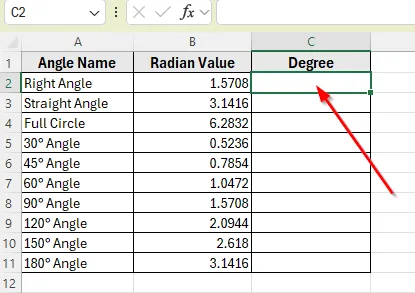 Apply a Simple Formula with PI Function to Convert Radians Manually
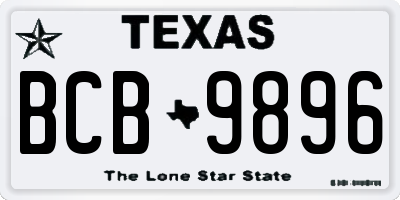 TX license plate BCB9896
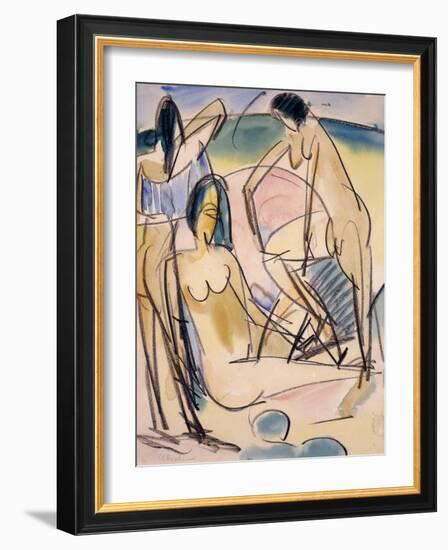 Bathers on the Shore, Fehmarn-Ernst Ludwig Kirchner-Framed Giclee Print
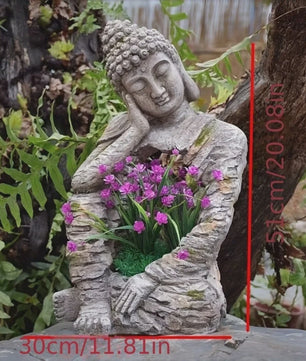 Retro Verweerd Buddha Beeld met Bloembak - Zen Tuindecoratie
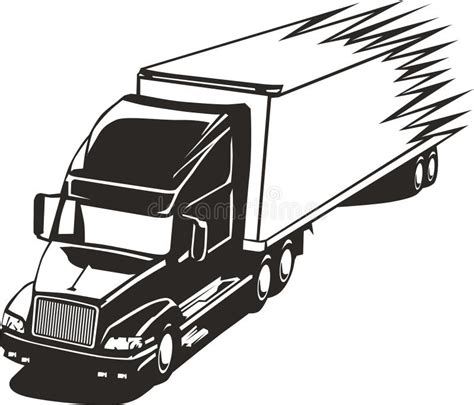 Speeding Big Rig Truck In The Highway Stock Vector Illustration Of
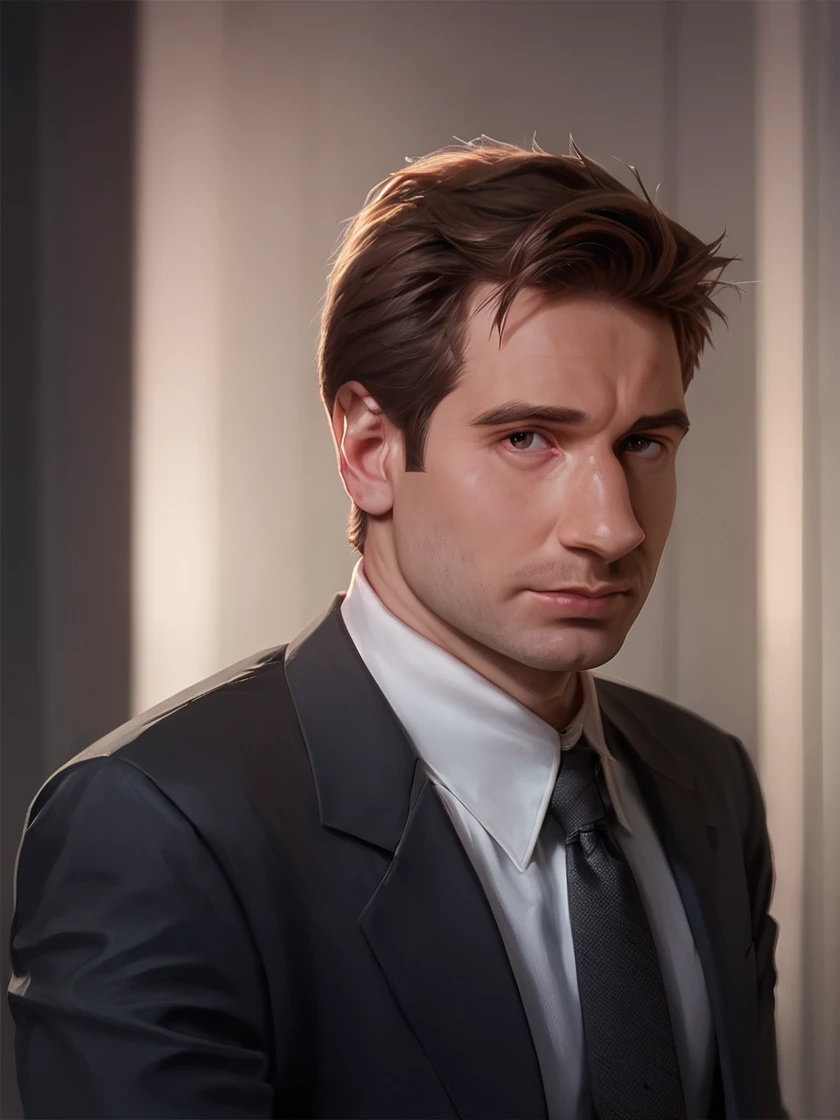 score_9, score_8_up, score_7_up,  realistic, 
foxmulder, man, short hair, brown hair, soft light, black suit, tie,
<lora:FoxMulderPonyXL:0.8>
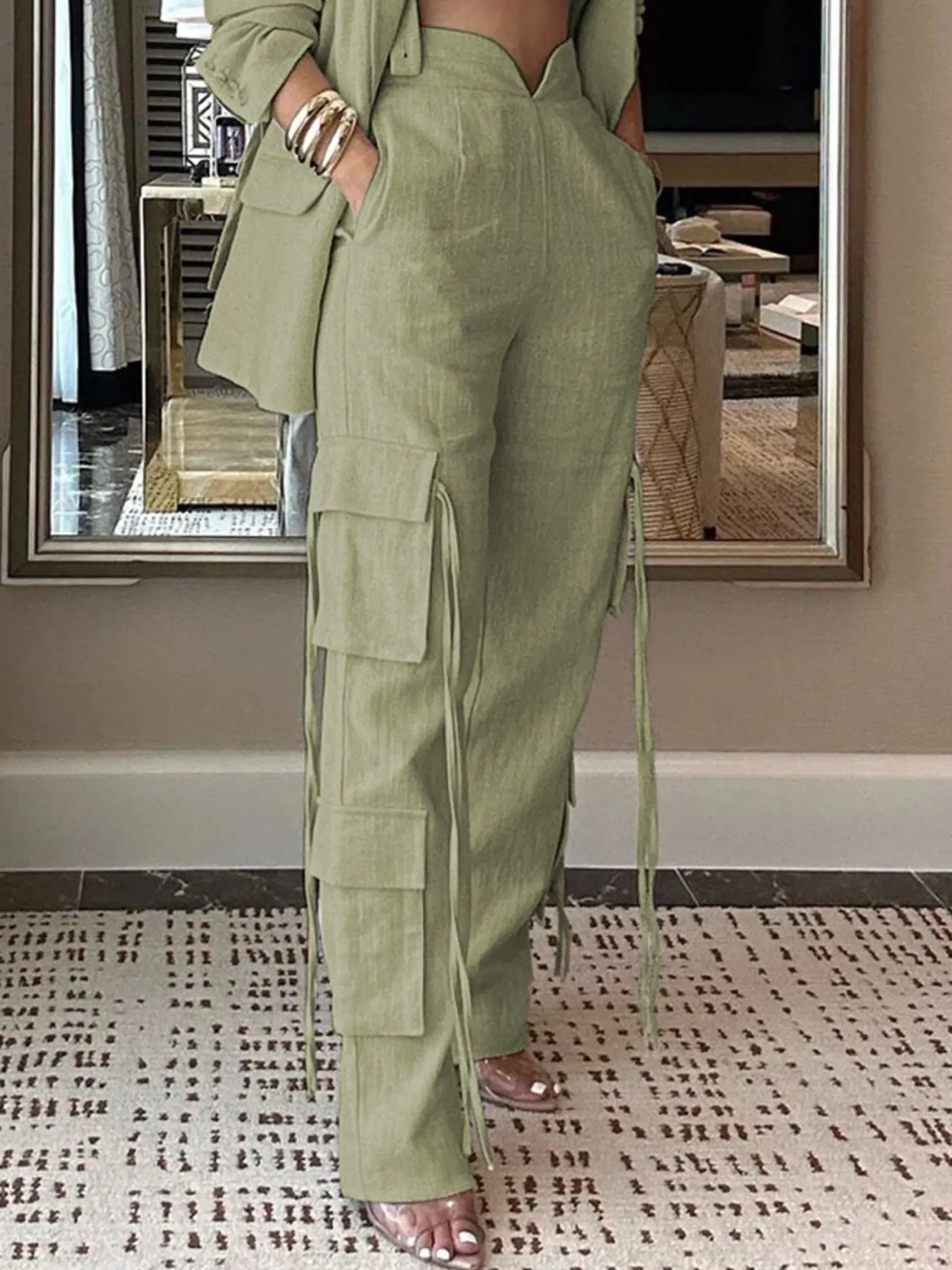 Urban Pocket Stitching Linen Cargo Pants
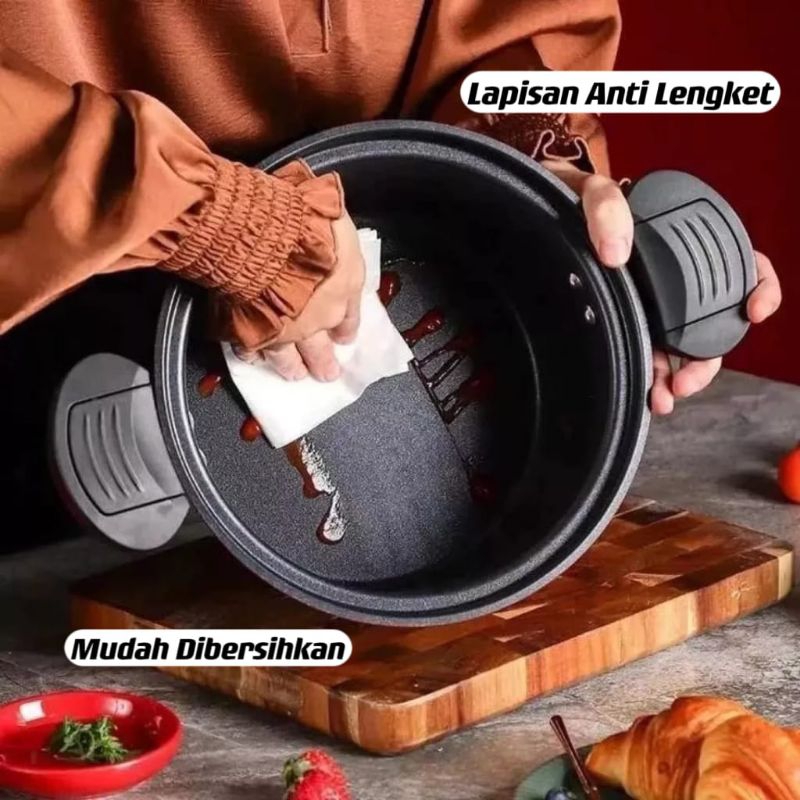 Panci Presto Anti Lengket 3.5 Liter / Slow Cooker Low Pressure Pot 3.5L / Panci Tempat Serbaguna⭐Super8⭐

----------

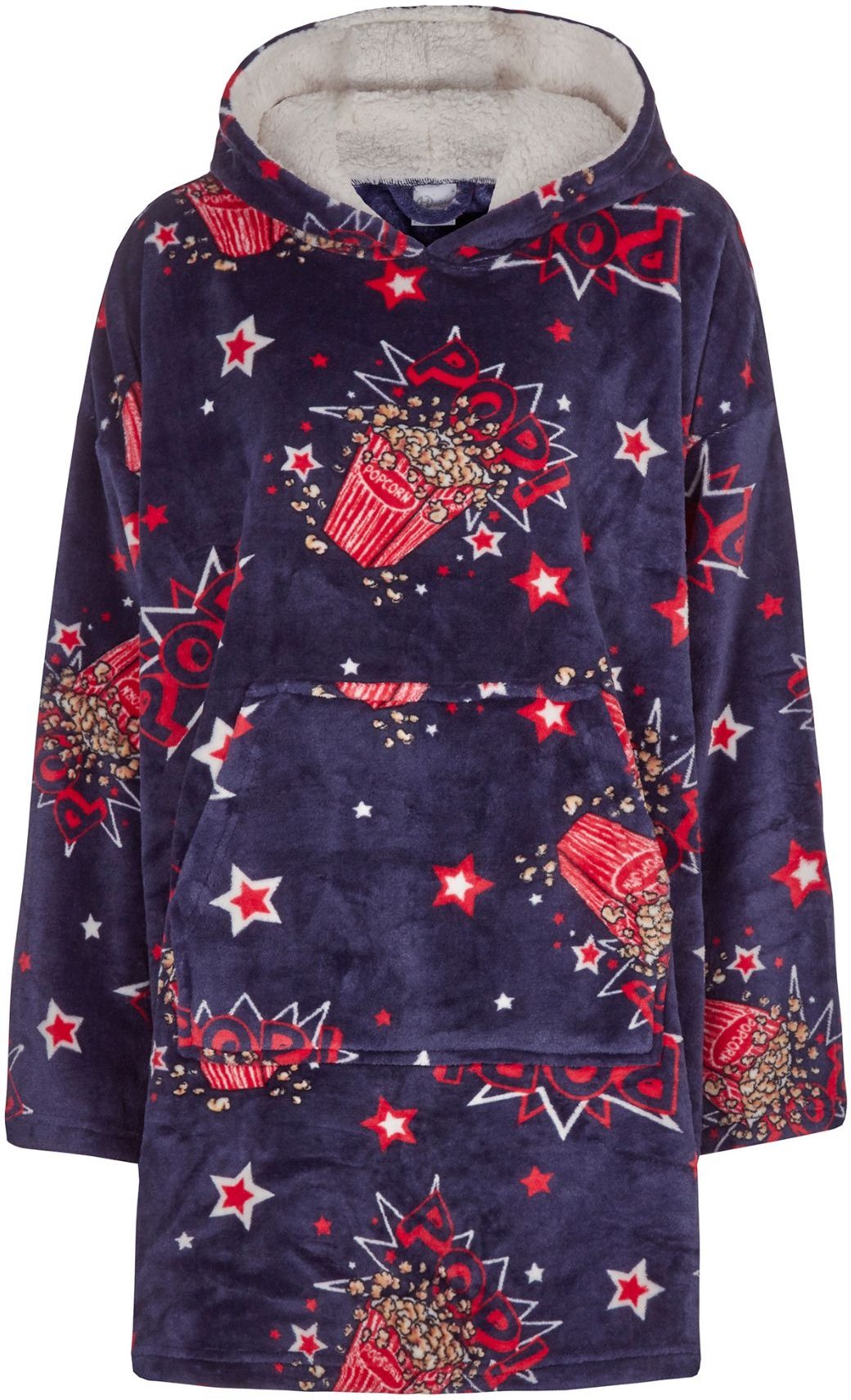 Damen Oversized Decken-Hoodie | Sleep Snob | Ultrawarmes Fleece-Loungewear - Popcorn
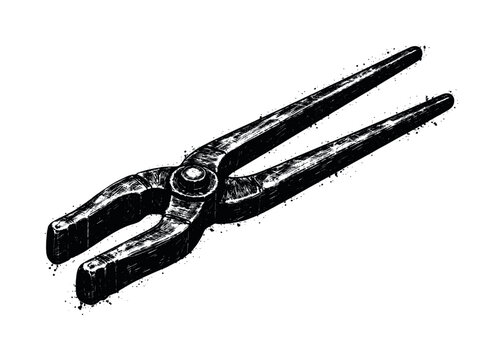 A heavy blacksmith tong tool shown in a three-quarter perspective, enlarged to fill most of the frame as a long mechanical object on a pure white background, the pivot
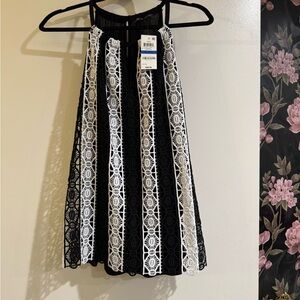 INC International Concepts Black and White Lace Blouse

----------

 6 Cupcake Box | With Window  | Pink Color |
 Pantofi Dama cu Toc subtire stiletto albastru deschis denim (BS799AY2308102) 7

----------

• What to do: Work from the entries above. Set down exactly and only the lines from the line with "Speeding Big Rig" to the line with "Panci Presto Anti", both included, and leave the pictures out.

• Exercise solution:
 Speeding Big Rig Truck In The Highway Stock Vector Illustration Of
 score_9, score_8_up, score_7_up,  realistic, 
foxmulder, man, short hair, brown hair, soft light, black suit, tie,
<lora:FoxMulderPonyXL:0.8>
 Urban Pocket Stitching Linen Cargo Pants
 Panci Presto Anti Lengket 3.5 Liter / Slow Cooker Low Pressure Pot 3.5L / Panci Tempat Serbaguna⭐Super8⭐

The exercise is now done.